Measuring the 'hard to measure' in development: Abstract, multi-dimensional concepts and processes
Speaker: Dr Anne Buffardi
Time: 12.45-14.00 GMT
Venue: LG7, London School of Hygiene and Tropical Medicine, London, WC1E 7HT
Development is a multi-dimensional, imprecise concept. Initiatives that aim to improve development attempt to address entrenched economic and social issues, increasingly through multi-component programmes, involve diverse sets of stakeholders pursuing different, sometimes competing interests, and must adapt to shifting contexts. They operate under conditions of uncertainty and complexity.
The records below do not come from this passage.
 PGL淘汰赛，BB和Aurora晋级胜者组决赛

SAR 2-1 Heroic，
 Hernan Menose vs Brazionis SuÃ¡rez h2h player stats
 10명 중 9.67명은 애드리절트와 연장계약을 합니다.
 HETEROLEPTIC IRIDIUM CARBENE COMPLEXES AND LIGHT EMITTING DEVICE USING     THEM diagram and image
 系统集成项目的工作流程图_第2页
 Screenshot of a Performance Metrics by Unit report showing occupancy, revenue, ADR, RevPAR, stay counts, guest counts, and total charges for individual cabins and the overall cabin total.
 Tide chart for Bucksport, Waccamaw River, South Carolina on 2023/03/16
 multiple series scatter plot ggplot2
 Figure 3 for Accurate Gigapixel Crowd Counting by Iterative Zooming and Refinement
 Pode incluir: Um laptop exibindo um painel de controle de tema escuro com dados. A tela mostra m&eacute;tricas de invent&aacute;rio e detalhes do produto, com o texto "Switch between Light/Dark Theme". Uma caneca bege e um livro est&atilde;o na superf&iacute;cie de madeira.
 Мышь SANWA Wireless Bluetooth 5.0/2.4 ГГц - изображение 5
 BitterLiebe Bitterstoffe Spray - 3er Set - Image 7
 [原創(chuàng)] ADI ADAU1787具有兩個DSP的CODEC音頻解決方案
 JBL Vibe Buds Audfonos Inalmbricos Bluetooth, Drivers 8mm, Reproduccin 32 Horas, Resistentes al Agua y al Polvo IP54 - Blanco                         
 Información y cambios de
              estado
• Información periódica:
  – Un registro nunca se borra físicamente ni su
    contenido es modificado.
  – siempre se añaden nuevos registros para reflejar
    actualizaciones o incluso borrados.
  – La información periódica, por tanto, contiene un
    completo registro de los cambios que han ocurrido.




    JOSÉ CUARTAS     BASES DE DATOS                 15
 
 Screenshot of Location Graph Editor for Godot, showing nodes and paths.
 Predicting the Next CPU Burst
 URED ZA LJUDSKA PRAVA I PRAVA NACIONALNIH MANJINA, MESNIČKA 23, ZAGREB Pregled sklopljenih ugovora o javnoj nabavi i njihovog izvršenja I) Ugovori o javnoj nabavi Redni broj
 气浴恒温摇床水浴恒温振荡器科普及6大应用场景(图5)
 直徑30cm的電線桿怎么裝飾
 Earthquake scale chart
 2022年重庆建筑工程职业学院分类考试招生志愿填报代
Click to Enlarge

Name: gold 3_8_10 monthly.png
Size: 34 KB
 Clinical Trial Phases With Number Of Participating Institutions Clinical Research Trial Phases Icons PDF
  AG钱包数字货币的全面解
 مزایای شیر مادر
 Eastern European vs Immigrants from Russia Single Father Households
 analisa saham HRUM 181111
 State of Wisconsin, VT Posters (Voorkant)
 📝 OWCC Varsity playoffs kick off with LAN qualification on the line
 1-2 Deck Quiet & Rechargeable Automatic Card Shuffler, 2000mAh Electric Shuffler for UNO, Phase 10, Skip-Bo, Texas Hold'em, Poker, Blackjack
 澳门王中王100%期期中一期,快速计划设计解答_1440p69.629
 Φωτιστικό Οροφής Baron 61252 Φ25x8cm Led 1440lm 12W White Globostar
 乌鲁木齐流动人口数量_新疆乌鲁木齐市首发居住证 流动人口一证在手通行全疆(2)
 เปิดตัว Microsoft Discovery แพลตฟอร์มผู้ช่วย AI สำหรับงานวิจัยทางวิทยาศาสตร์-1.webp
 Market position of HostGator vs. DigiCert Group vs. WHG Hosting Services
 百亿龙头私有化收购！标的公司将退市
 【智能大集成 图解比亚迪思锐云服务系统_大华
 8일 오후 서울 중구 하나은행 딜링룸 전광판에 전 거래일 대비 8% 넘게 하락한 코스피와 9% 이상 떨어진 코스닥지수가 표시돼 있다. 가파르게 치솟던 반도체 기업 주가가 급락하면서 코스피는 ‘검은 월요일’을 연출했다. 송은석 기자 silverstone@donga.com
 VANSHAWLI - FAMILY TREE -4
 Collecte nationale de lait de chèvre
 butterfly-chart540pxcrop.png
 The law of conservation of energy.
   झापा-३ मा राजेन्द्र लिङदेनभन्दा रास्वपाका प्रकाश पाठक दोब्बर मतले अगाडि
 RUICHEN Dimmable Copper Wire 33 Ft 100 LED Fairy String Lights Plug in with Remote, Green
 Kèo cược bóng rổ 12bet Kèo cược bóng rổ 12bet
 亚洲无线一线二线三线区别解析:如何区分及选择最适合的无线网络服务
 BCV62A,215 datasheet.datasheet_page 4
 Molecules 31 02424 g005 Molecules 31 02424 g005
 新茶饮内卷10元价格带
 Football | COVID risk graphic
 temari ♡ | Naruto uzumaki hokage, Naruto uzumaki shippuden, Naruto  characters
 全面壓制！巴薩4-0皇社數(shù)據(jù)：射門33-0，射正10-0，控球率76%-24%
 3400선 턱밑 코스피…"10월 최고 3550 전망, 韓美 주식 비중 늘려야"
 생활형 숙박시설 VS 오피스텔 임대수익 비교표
Each of these factors poses challenges for measurement validity and reliability.
Based on common challenges that arose through development initiatives, we identified four hard-to-measure dimensions of development: abstract, multi-dimensional concepts, processes, and issues; challenging settings where there are unpredictable, sudden, or frequent shifts in the environment; multiple, uncertain pathways of change; and multi-layer implementing structures.
This lecture focuses on the first dimension, discussing construct validity and three examples of multi-faceted concepts: evidence-informed decision-making, youth transitions to adulthood and human rights-based approaches to development.
About the speaker
Anne Buffardi is a Senior Research Fellow at the Overseas Development Institute (ODI). Her research examines how different stakeholders engage in different phases of the policy process, including their use of different types of evidence to inform decision-making and development policy and practice. Anne has worked on multi-component, multi-site initiatives in Africa, Latin America, Southeast Asia and emerging economies, predominantly on global health and governance issues.